(Exercise prompt): Output the records exactly, with no line skipped.

:: The input ::

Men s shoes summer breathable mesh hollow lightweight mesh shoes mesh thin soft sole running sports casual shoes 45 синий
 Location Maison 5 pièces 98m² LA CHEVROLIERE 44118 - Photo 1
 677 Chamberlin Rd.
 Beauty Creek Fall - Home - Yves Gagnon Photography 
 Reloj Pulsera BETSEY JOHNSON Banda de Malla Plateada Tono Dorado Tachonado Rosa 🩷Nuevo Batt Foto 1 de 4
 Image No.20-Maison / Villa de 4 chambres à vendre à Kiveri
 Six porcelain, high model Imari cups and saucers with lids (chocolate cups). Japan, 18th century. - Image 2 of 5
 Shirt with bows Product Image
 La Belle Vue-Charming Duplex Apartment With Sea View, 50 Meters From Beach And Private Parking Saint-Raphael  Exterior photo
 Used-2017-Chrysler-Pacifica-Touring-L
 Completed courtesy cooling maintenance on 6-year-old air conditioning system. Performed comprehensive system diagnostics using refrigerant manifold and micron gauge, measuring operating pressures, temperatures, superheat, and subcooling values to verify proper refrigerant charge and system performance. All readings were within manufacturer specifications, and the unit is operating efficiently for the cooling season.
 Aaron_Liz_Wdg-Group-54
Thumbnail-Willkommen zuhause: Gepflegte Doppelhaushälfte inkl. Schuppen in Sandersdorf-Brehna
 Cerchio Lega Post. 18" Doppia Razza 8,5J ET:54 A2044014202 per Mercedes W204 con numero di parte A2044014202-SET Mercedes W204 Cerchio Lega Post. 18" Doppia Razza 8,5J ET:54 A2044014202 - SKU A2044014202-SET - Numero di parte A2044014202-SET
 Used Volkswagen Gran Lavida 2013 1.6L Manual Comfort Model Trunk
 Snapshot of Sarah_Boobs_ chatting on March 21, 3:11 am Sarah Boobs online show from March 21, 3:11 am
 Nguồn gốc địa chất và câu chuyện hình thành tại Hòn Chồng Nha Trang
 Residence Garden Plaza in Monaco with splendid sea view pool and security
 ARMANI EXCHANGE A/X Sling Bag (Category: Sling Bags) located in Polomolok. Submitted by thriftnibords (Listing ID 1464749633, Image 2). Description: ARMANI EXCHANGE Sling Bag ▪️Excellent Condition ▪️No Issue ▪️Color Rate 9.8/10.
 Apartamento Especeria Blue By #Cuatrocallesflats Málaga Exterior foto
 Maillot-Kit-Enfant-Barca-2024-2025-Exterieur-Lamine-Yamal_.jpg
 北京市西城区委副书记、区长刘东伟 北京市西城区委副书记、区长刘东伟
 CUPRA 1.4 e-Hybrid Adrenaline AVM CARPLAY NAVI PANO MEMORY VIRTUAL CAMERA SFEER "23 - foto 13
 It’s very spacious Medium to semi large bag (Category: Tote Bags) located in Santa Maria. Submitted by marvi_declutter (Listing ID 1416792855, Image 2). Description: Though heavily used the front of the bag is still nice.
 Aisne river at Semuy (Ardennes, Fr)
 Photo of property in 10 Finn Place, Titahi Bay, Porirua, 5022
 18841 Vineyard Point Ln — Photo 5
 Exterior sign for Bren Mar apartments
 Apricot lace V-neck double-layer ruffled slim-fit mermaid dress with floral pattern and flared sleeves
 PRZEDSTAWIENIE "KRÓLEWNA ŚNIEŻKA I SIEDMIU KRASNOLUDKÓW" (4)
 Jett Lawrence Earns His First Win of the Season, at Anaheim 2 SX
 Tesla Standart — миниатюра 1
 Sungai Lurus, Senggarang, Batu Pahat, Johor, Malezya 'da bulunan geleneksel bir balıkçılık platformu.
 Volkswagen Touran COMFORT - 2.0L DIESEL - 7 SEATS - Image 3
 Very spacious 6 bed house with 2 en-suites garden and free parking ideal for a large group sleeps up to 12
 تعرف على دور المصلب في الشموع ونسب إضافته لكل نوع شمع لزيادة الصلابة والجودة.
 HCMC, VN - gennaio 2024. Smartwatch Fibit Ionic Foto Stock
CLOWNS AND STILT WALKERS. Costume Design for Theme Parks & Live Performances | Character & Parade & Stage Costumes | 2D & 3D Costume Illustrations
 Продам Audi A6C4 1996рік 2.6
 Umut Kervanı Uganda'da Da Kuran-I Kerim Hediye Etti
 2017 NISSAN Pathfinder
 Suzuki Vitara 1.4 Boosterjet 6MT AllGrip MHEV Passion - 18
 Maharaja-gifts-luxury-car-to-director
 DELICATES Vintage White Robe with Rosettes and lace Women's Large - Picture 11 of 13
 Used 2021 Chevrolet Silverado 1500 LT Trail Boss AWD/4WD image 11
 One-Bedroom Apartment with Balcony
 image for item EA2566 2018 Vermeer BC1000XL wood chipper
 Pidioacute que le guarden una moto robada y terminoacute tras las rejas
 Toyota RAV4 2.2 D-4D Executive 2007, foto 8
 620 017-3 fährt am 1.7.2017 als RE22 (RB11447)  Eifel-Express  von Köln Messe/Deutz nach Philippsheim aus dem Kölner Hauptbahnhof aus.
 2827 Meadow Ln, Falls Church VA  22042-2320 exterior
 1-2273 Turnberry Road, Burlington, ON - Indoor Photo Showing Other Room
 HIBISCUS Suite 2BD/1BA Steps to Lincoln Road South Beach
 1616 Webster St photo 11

:::

(Output for this task):
Men s shoes summer breathable mesh hollow lightweight mesh shoes mesh thin soft sole running sports casual shoes 45 синий
 Location Maison 5 pièces 98m² LA CHEVROLIERE 44118 - Photo 1
 677 Chamberlin Rd.
 Beauty Creek Fall - Home - Yves Gagnon Photography 
 Reloj Pulsera BETSEY JOHNSON Banda de Malla Plateada Tono Dorado Tachonado Rosa 🩷Nuevo Batt Foto 1 de 4
 Image No.20-Maison / Villa de 4 chambres à vendre à Kiveri
 Six porcelain, high model Imari cups and saucers with lids (chocolate cups). Japan, 18th century. - Image 2 of 5
 Shirt with bows Product Image
 La Belle Vue-Charming Duplex Apartment With Sea View, 50 Meters From Beach And Private Parking Saint-Raphael  Exterior photo
 Used-2017-Chrysler-Pacifica-Touring-L
 Completed courtesy cooling maintenance on 6-year-old air conditioning system. Performed comprehensive system diagnostics using refrigerant manifold and micron gauge, measuring operating pressures, temperatures, superheat, and subcooling values to verify proper refrigerant charge and system performance. All readings were within manufacturer specifications, and the unit is operating efficiently for the cooling season.
 Aaron_Liz_Wdg-Group-54
Thumbnail-Willkommen zuhause: Gepflegte Doppelhaushälfte inkl. Schuppen in Sandersdorf-Brehna
 Cerchio Lega Post. 18" Doppia Razza 8,5J ET:54 A2044014202 per Mercedes W204 con numero di parte A2044014202-SET Mercedes W204 Cerchio Lega Post. 18" Doppia Razza 8,5J ET:54 A2044014202 - SKU A2044014202-SET - Numero di parte A2044014202-SET
 Used Volkswagen Gran Lavida 2013 1.6L Manual Comfort Model Trunk
 Snapshot of Sarah_Boobs_ chatting on March 21, 3:11 am Sarah Boobs online show from March 21, 3:11 am
 Nguồn gốc địa chất và câu chuyện hình thành tại Hòn Chồng Nha Trang
 Residence Garden Plaza in Monaco with splendid sea view pool and security
 ARMANI EXCHANGE A/X Sling Bag (Category: Sling Bags) located in Polomolok. Submitted by thriftnibords (Listing ID 1464749633, Image 2). Description: ARMANI EXCHANGE Sling Bag ▪️Excellent Condition ▪️No Issue ▪️Color Rate 9.8/10.
 Apartamento Especeria Blue By #Cuatrocallesflats Málaga Exterior foto
 Maillot-Kit-Enfant-Barca-2024-2025-Exterieur-Lamine-Yamal_.jpg
 北京市西城区委副书记、区长刘东伟 北京市西城区委副书记、区长刘东伟
 CUPRA 1.4 e-Hybrid Adrenaline AVM CARPLAY NAVI PANO MEMORY VIRTUAL CAMERA SFEER "23 - foto 13
 It’s very spacious Medium to semi large bag (Category: Tote Bags) located in Santa Maria. Submitted by marvi_declutter (Listing ID 1416792855, Image 2). Description: Though heavily used the front of the bag is still nice.
 Aisne river at Semuy (Ardennes, Fr)
 Photo of property in 10 Finn Place, Titahi Bay, Porirua, 5022
 18841 Vineyard Point Ln — Photo 5
 Exterior sign for Bren Mar apartments
 Apricot lace V-neck double-layer ruffled slim-fit mermaid dress with floral pattern and flared sleeves
 PRZEDSTAWIENIE "KRÓLEWNA ŚNIEŻKA I SIEDMIU KRASNOLUDKÓW" (4)
 Jett Lawrence Earns His First Win of the Season, at Anaheim 2 SX
 Tesla Standart — миниатюра 1
 Sungai Lurus, Senggarang, Batu Pahat, Johor, Malezya 'da bulunan geleneksel bir balıkçılık platformu.
 Volkswagen Touran COMFORT - 2.0L DIESEL - 7 SEATS - Image 3
 Very spacious 6 bed house with 2 en-suites garden and free parking ideal for a large group sleeps up to 12
 تعرف على دور المصلب في الشموع ونسب إضافته لكل نوع شمع لزيادة الصلابة والجودة.
 HCMC, VN - gennaio 2024. Smartwatch Fibit Ionic Foto Stock
CLOWNS AND STILT WALKERS. Costume Design for Theme Parks & Live Performances | Character & Parade & Stage Costumes | 2D & 3D Costume Illustrations
 Продам Audi A6C4 1996рік 2.6
 Umut Kervanı Uganda'da Da Kuran-I Kerim Hediye Etti
 2017 NISSAN Pathfinder
 Suzuki Vitara 1.4 Boosterjet 6MT AllGrip MHEV Passion - 18
 Maharaja-gifts-luxury-car-to-director
 DELICATES Vintage White Robe with Rosettes and lace Women's Large - Picture 11 of 13
 Used 2021 Chevrolet Silverado 1500 LT Trail Boss AWD/4WD image 11
 One-Bedroom Apartment with Balcony
 image for item EA2566 2018 Vermeer BC1000XL wood chipper
 Pidioacute que le guarden una moto robada y terminoacute tras las rejas
 Toyota RAV4 2.2 D-4D Executive 2007, foto 8
 620 017-3 fährt am 1.7.2017 als RE22 (RB11447)  Eifel-Express  von Köln Messe/Deutz nach Philippsheim aus dem Kölner Hauptbahnhof aus.
 2827 Meadow Ln, Falls Church VA  22042-2320 exterior
 1-2273 Turnberry Road, Burlington, ON - Indoor Photo Showing Other Room
 HIBISCUS Suite 2BD/1BA Steps to Lincoln Road South Beach
 1616 Webster St photo 11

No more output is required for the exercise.